Blueprints enable data ingestion from common sources using automated workflows. At high level, Lake Formation
provides two type of blueprints:
- Database blueprints: This blueprints help ingest data from MySQL, PostgreSQL, Oracle, and SQL server databases to your data lake. You can ingest either as bulk load snapshot, or incrementally load new data over time.
- Log file blueprints: Ingest data from popular log file formats from AWS CloudTrail, Elastic Load Balancer, and Application Load Balancer logs.
In this exercise, we will use database snapshot as blueprint and will ingest entire TPC
database to your data lake.
- Click on the Blueprints option from the left navigation panel and then click on Use blueprint button.
- Select Database snapshot as the blueprint type.
- For the AWS Glue Database connection name, choose TPCGlueConnector which is created through CloudFormation to access the TPC database running on RDS.
- For the Source data path, enter "tpc/". Leave Exclude pattern options as default.
- Under Import target section, choose tpc as the target database. For the Target storage location, choose the S3 path which you used in the Data Lake Locations section. For Data format, choose Parquet as the format in which the data is written.

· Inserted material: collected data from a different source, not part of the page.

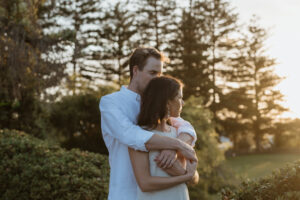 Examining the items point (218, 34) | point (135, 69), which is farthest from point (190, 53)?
point (135, 69)

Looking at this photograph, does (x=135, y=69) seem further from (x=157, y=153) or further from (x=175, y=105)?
(x=157, y=153)

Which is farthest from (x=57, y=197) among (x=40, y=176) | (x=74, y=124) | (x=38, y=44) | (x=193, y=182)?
(x=38, y=44)

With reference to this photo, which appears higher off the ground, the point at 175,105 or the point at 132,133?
the point at 175,105

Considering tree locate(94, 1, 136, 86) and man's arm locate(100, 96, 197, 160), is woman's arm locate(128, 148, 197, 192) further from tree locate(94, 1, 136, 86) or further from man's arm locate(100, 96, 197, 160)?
tree locate(94, 1, 136, 86)

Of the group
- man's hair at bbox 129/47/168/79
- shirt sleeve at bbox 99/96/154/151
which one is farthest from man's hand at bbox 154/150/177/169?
man's hair at bbox 129/47/168/79

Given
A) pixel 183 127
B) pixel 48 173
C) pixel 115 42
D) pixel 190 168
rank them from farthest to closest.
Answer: pixel 115 42 < pixel 48 173 < pixel 183 127 < pixel 190 168

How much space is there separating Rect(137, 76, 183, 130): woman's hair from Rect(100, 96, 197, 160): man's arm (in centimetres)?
9

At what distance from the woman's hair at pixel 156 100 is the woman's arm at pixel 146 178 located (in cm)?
20

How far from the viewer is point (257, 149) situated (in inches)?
1233

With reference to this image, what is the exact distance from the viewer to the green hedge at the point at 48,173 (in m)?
5.03

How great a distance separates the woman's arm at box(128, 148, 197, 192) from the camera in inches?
80.5

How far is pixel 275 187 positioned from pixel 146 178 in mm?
1480

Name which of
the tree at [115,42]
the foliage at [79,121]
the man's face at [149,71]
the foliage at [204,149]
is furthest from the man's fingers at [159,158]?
the tree at [115,42]

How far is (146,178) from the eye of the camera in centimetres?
204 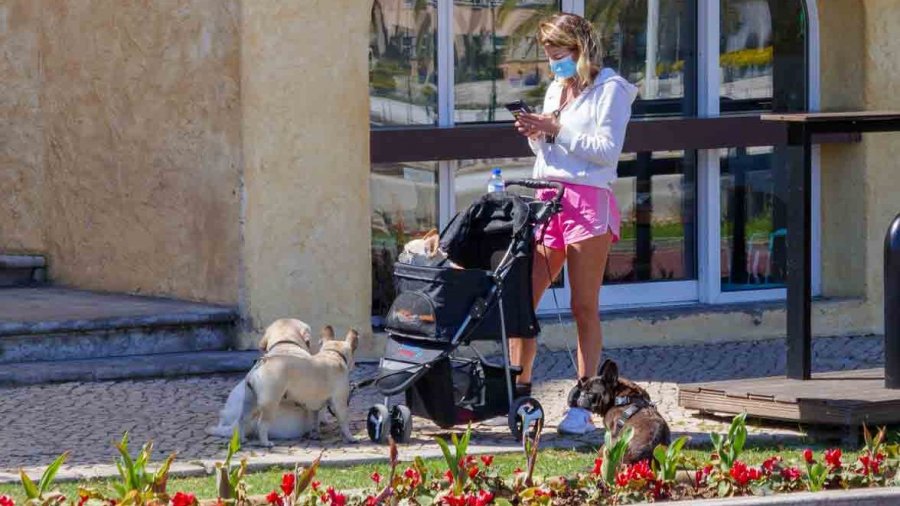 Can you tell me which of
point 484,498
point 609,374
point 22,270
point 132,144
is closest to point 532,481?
point 484,498

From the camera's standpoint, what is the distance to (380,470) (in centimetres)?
751

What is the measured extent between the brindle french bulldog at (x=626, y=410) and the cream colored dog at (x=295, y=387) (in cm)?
109

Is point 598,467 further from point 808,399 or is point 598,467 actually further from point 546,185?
point 808,399

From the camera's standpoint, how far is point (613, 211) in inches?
333

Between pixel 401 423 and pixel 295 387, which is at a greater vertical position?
pixel 295 387

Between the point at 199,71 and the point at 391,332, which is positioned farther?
the point at 199,71

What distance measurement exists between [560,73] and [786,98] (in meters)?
4.08

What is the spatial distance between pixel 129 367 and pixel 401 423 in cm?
212

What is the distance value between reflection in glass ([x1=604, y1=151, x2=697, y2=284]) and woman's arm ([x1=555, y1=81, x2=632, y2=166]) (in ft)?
10.7

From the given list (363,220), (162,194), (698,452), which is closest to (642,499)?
(698,452)

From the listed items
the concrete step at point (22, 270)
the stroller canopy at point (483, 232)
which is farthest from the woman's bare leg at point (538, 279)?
the concrete step at point (22, 270)

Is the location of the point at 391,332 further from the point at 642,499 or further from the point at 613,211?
the point at 642,499

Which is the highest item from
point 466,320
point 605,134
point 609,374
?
point 605,134

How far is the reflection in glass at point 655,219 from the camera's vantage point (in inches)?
453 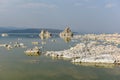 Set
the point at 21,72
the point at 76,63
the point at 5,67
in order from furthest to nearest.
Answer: the point at 76,63, the point at 5,67, the point at 21,72

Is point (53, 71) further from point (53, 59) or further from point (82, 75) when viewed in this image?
point (53, 59)

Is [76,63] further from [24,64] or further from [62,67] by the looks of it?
[24,64]

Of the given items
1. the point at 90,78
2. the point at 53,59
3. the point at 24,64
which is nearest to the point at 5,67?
the point at 24,64

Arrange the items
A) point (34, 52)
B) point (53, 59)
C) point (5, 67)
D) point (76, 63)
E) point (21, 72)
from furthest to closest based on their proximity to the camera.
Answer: point (34, 52), point (53, 59), point (76, 63), point (5, 67), point (21, 72)

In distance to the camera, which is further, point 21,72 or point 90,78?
point 21,72

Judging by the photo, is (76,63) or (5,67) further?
(76,63)

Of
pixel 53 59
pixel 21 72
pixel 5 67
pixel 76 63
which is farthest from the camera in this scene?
pixel 53 59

- Now move to Import options, enter a workflow name tpc-workflow. Choose
LF-GlueServiceRole for the IAM role and enter "dl" as the Table prefix. Leave the rest of the
fields as default.
- Choose Create. Wait for the status of the blueprints to go from Creating to Successfully
created workflow: tpc-workflow message.
- You select IAM role LF-GlueServiceRole when creating the blueprint, this role will create tables
under the database tpc created in the previous step. By default, this role does not have permissions
to create resources under tpc database. Follow these steps to provide the required access to IAM role
- In the navigation pane, under Databases, select tpc. Choose Grant from the
Actions drop-down list.
- From the Grant window, under Principals select IAM role LF-GlueServiceRole
from the drop-down list. Move to the Policy tags or catalog resources
section and select Named data catalog resources. Select tpc as the database and
proceed to the next section Database permissions. Check Create Table & Super
options and click on the Grant button.
- Now go back to the Blueprints using navigation, select the newly created workflow
tpc-workflow and start the workflow by selecting Start option from the Actions drop-down.
- It will take few minutes to ingest the TPC database to your data lake. During this phase, the Last run status column will reflect different phases of ingestion process. For this exercise, Discovering phase will take around ~4 minutes, Importing phase will take ~20 minutes.
- Move to the next chapter when the blueprint tpc-workflow is completed successfully.